All the critics love u in New York
All the critics love u in New York Kelly O

You know that whole thing about how Seattle never pays attention to an artist till they make it big in New York? Well, we've been paying close attention to Ahamefule Oluo for quite a while, and as of today, it's safe to say that the big city has finally caught up.

The New York Times published what you could only call a rave review of the NY debut of Oluo's show Now I'm Fine, which premiered at On the Boards at the end of 2014.
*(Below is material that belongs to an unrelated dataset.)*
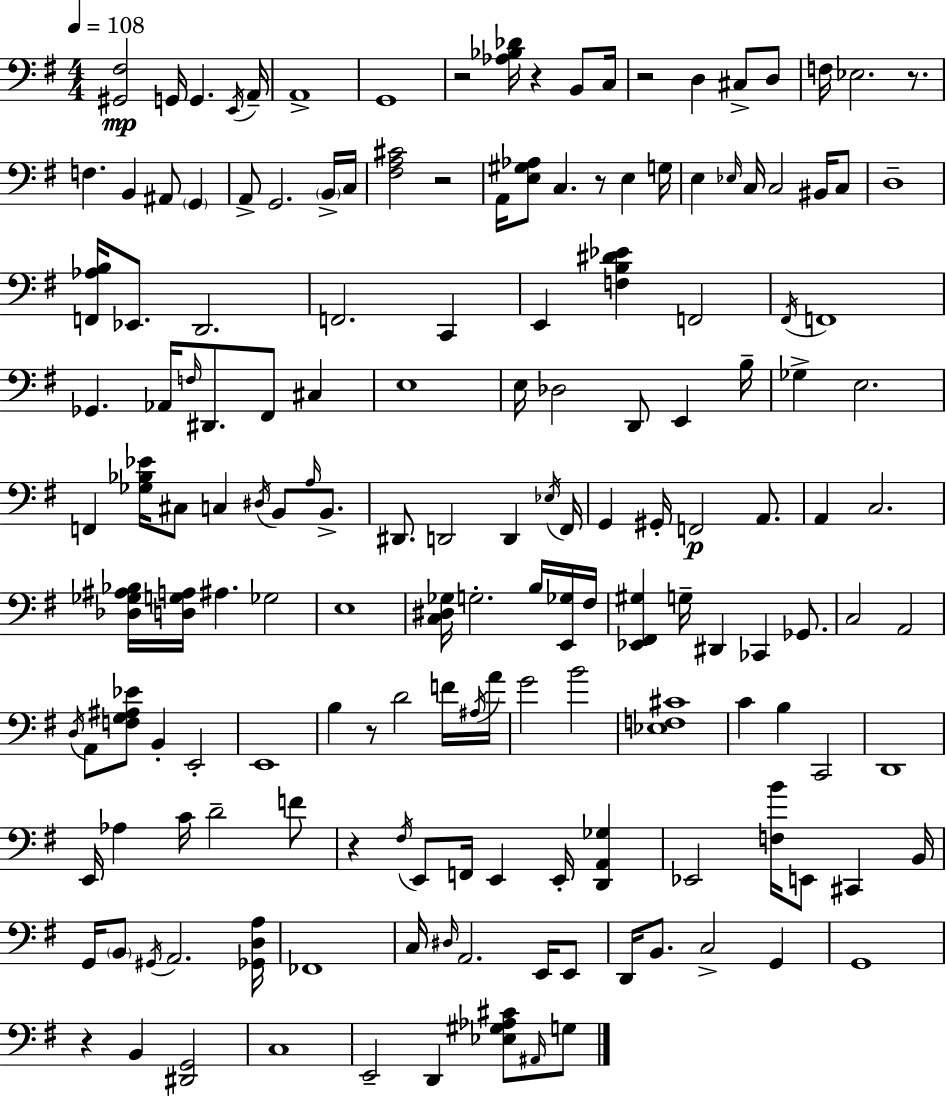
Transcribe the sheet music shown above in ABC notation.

Though this show’s title, “Now I’m Fine,” might promise a narrative out of the popular “It gets better” school of storytelling, Mr. Oluo refuses to traffic in false hopes. Being fine, he makes clear, is only a provisional state.

But when he conducts his band, his calm, carefully measured, sad-sack comic demeanor drops away. He bounces on the balls of his feet, and even occasionally jumps, just a little, into the air. Music provides the not inconsiderable consolation of at least temporarily defying gravity, in all senses of the word.

Dag.


The show, which is being performed by its original group of brilliant Seattle musicians—including vocalist okanomodé SoulChilde, and Oluo's Industrial Revelation bandmates Evan Flory-Barnes and D'Vonne Lewis [CORRECTION: Dawn Clement is filling in for Josh Rawlings] —as part of the Public Theater's Under the Radar Festival through this weekend, and returns to Seattle on April 2 at the Moore Theatre. I'd buy tickets now if I were you.

It doesn't take a soothsayer to predict that there won't be many more occasions when a write-up of Oluo will involve the words "under the radar."